Q2. The set of equations v = u + at, s = ut + ½at² and 2as = v² – u² are known as:
These three equations are collectively called the equations of motion. They describe the relationship between velocity, acceleration, time, and displacement for an object moving with uniform acceleration in a straight line.
Q3. The total area under a velocity-time graph for an accelerating object is the sum of a rectangle and a:
For an object moving with uniform acceleration, the velocity-time graph is a straight line.
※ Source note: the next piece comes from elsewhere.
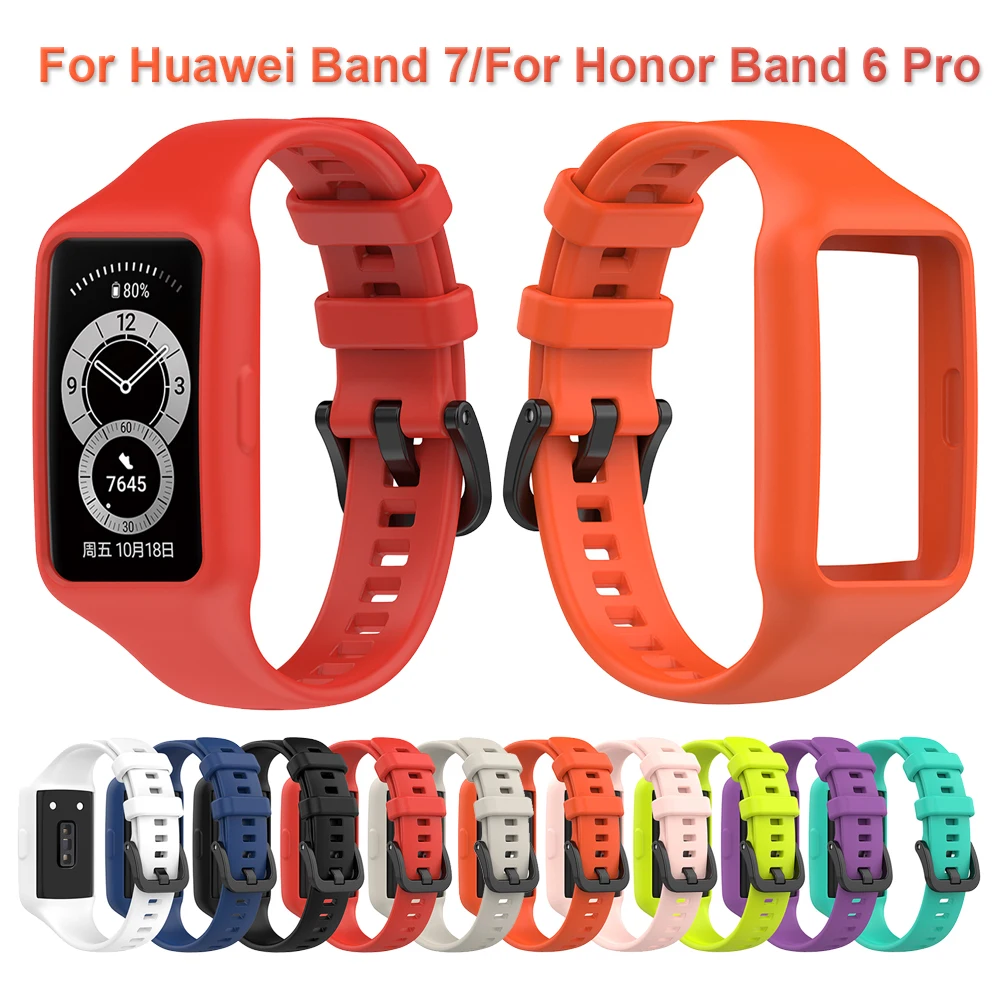

Силиконовый ремешок для Huawei Band 7, защитный ремешок для Huawei Honor Band 6 pro, браслет для Huawei band7, ремешок для наручных часов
The area under this graph can be divided into a rectangle (representing distance covered due to initial velocity) and a triangle (representing additional distance covered due to acceleration).
Q4. What does the area under a velocity-time graph represent?
The area under a velocity-time graph gives the distance (or displacement) traveled by the object. This is because distance = velocity × time, and the area under the curve represents this product.
Q5. In graphical derivation, the area under a velocity-time graph gives:
In the graphical method of deriving equations of motion, the area under the velocity-time graph represents the total distance travelled by the object during the given time interval.
Q6. The equations of motion connect velocity, acceleration, time and:
The equations of motion relate the quantities: initial velocity (u), final velocity (v), acceleration (a), time (t), and distance or displacement (s). They do not involve energy, force, or mass.
Q7. What is the nature of a distance-time graph for non-uniform motion?
In non-uniform motion, the speed is not constant, so the distance covered in equal time intervals is not the same. This results in a curved distance-time graph, not a straight line.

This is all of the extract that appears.